----- DATA SHOWN

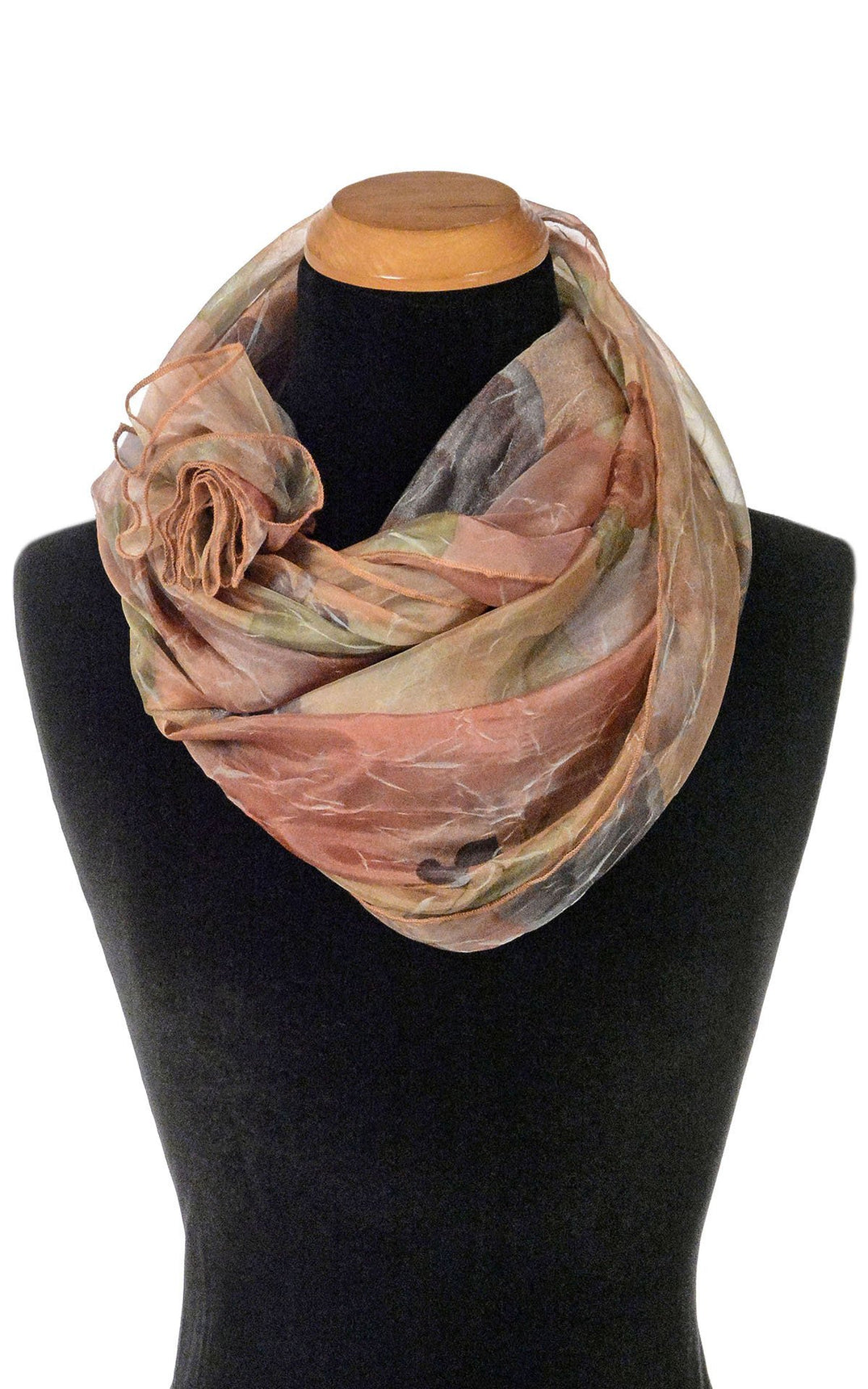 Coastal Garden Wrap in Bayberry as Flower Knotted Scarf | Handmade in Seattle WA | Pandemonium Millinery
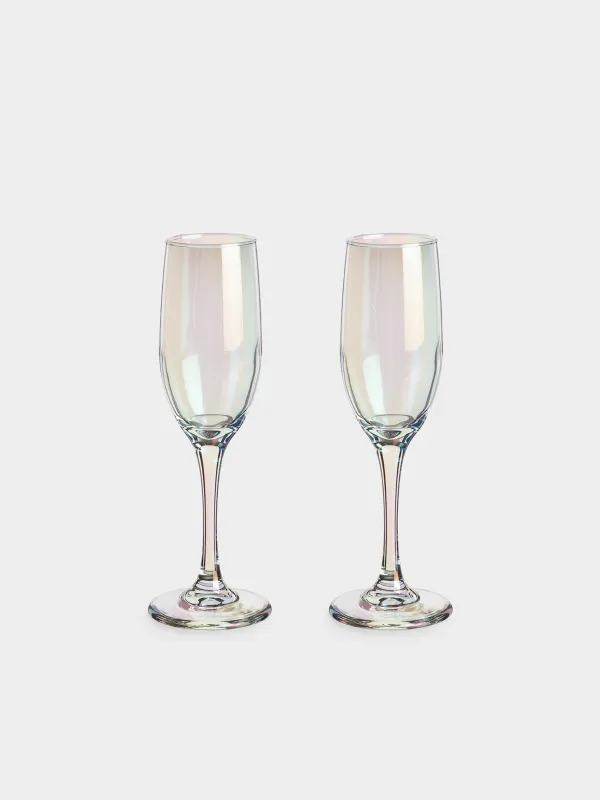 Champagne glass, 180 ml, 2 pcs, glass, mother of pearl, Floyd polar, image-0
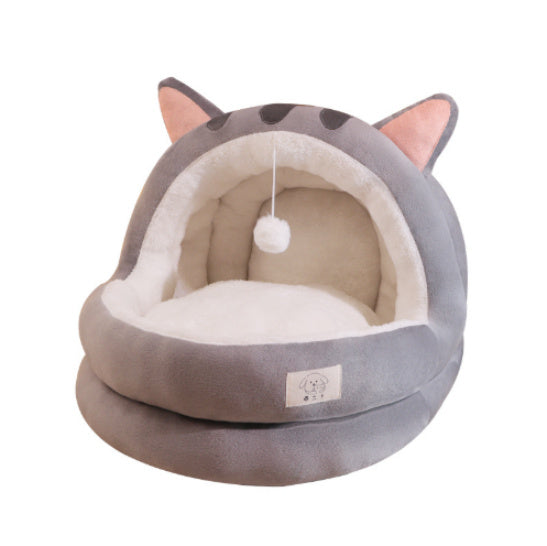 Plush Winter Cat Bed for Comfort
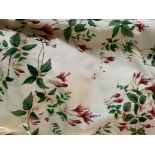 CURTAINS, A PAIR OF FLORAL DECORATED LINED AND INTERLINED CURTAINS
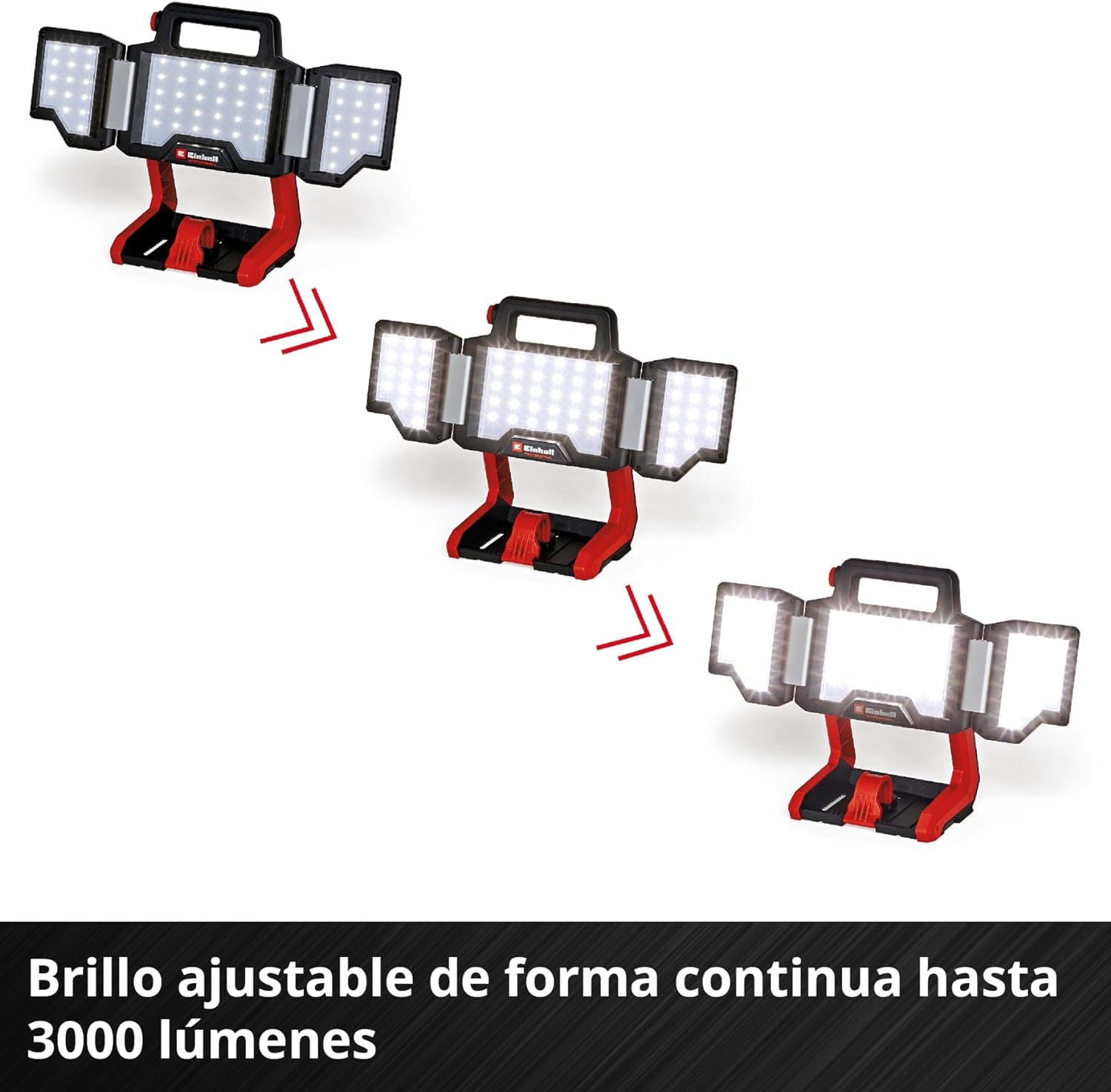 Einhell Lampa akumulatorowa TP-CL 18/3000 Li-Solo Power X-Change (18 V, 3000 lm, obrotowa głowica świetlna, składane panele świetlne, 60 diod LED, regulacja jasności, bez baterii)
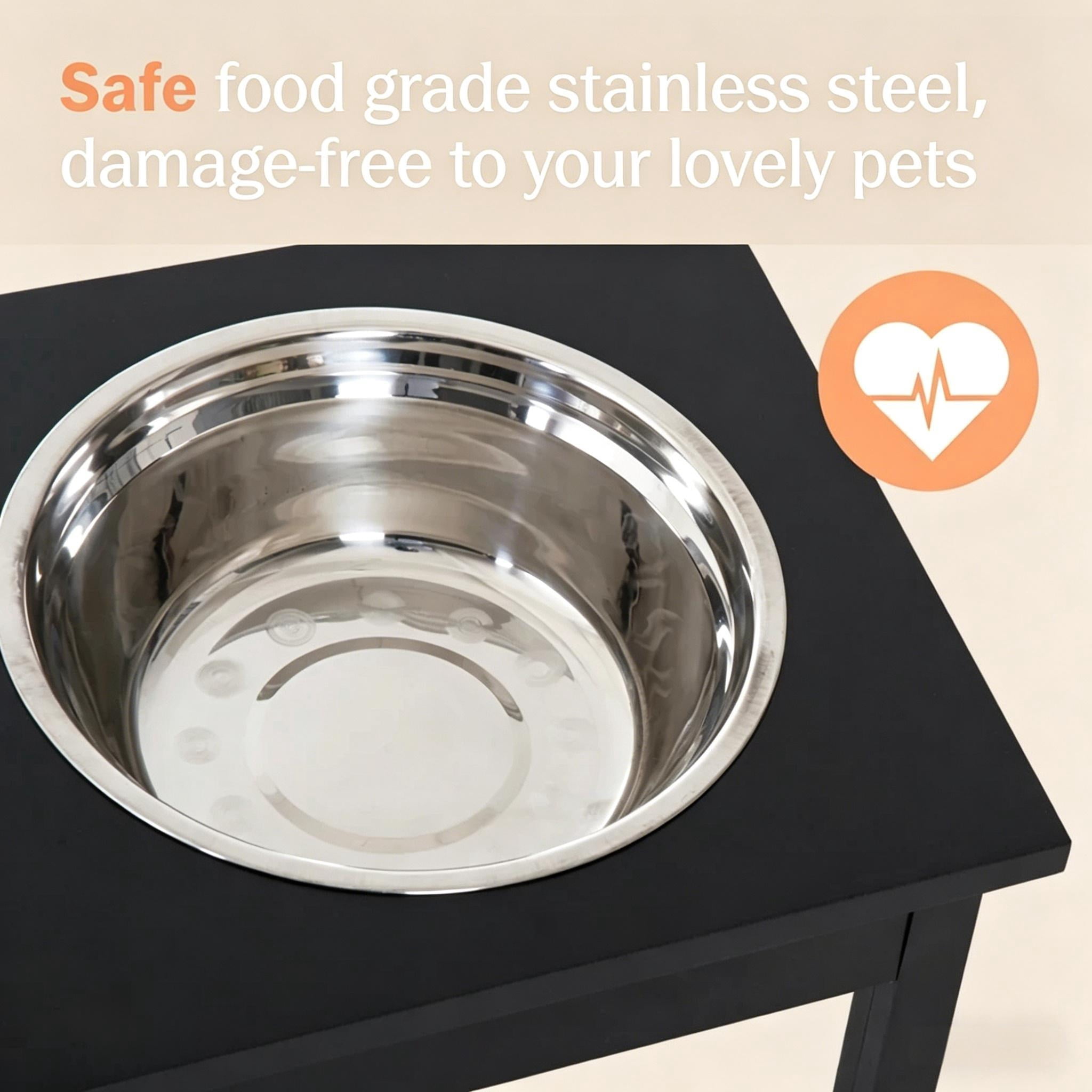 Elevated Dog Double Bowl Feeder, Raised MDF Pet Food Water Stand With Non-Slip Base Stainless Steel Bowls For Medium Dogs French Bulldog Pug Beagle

----------
----- DATA SHOWN

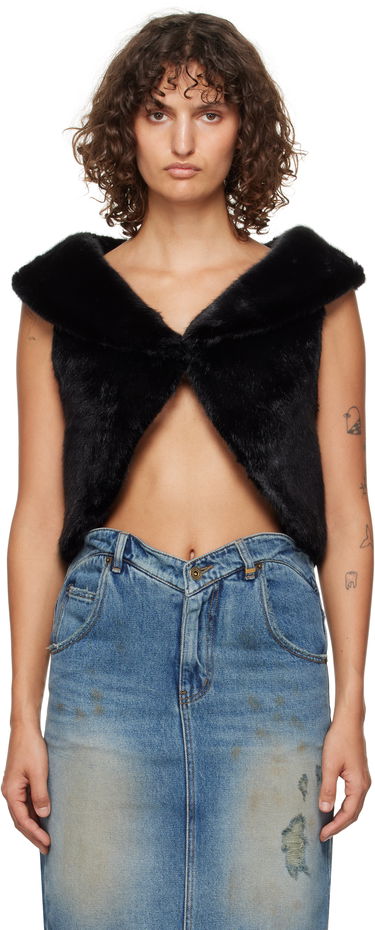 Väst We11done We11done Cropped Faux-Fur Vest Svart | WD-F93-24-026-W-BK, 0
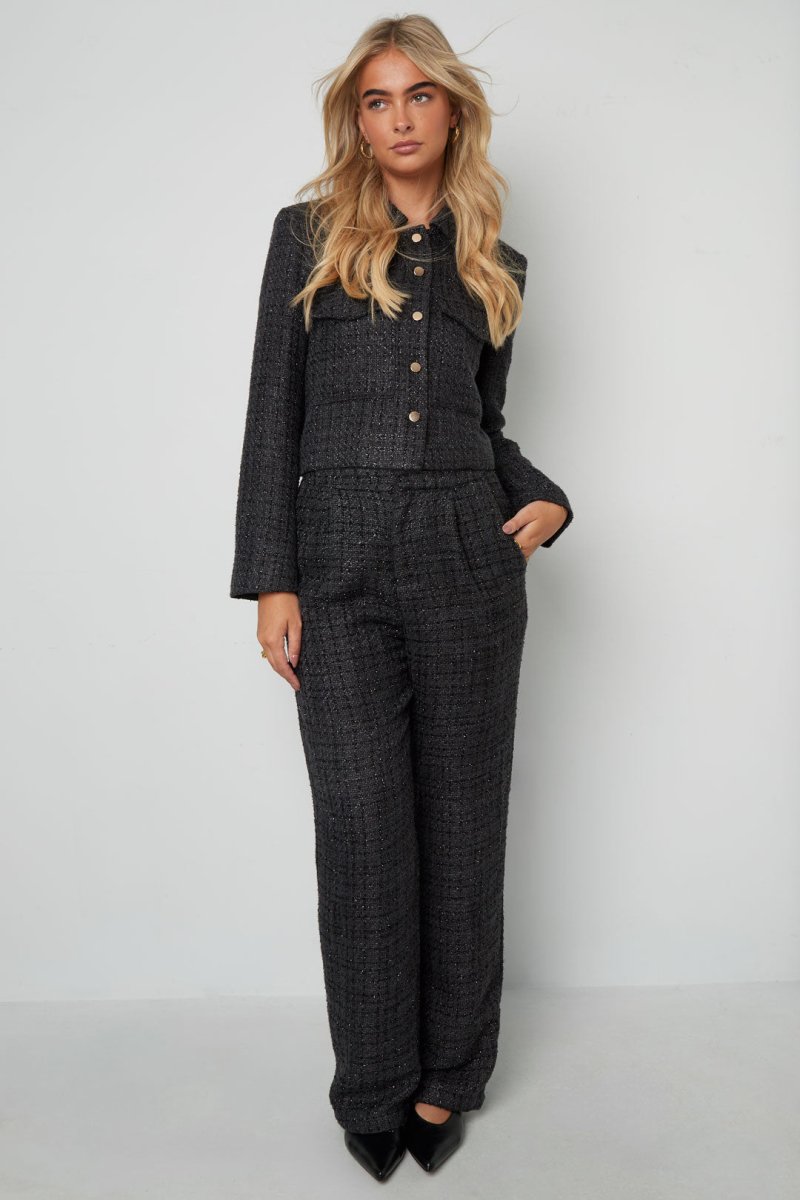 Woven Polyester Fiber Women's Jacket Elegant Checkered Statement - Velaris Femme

----------

ACTIVITY
Find the line with "Plush Winter Cat Bed for Comfort" in the entries above. Set down exactly every line from it up to and including the line with "Elevated Dog Double", images excluded.

YOUR SOLUTION
 Plush Winter Cat Bed for Comfort
 CURTAINS, A PAIR OF FLORAL DECORATED LINED AND INTERLINED CURTAINS
 Einhell Lampa akumulatorowa TP-CL 18/3000 Li-Solo Power X-Change (18 V, 3000 lm, obrotowa głowica świetlna, składane panele świetlne, 60 diod LED, regulacja jasności, bez baterii)
 Elevated Dog Double Bowl Feeder, Raised MDF Pet Food Water Stand With Non-Slip Base Stainless Steel Bowls For Medium Dogs French Bulldog Pug Beagle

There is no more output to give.